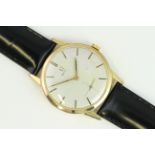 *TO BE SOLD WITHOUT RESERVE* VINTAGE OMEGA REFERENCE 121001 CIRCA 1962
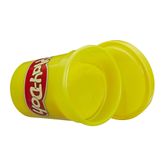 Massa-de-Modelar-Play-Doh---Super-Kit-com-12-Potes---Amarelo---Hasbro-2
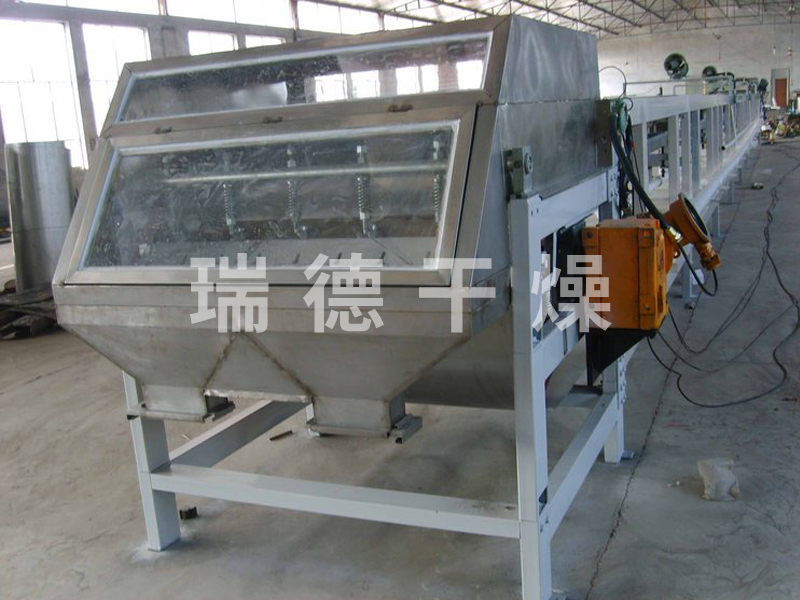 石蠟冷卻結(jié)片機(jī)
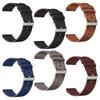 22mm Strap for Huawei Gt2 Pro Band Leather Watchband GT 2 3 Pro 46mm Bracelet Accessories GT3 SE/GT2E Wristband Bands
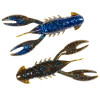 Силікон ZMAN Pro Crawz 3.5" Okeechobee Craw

::::

» What to produce
The entries are to be transcribed in full. Their pictures are not.

» Task output
 *TO BE SOLD WITHOUT RESERVE* VINTAGE OMEGA REFERENCE 121001 CIRCA 1962
 Massa-de-Modelar-Play-Doh---Super-Kit-com-12-Potes---Amarelo---Hasbro-2
 石蠟冷卻結(jié)片機(jī)
 22mm Strap for Huawei Gt2 Pro Band Leather Watchband GT 2 3 Pro 46mm Bracelet Accessories GT3 SE/GT2E Wristband Bands
 Силікон ZMAN Pro Crawz 3.5" Okeechobee Craw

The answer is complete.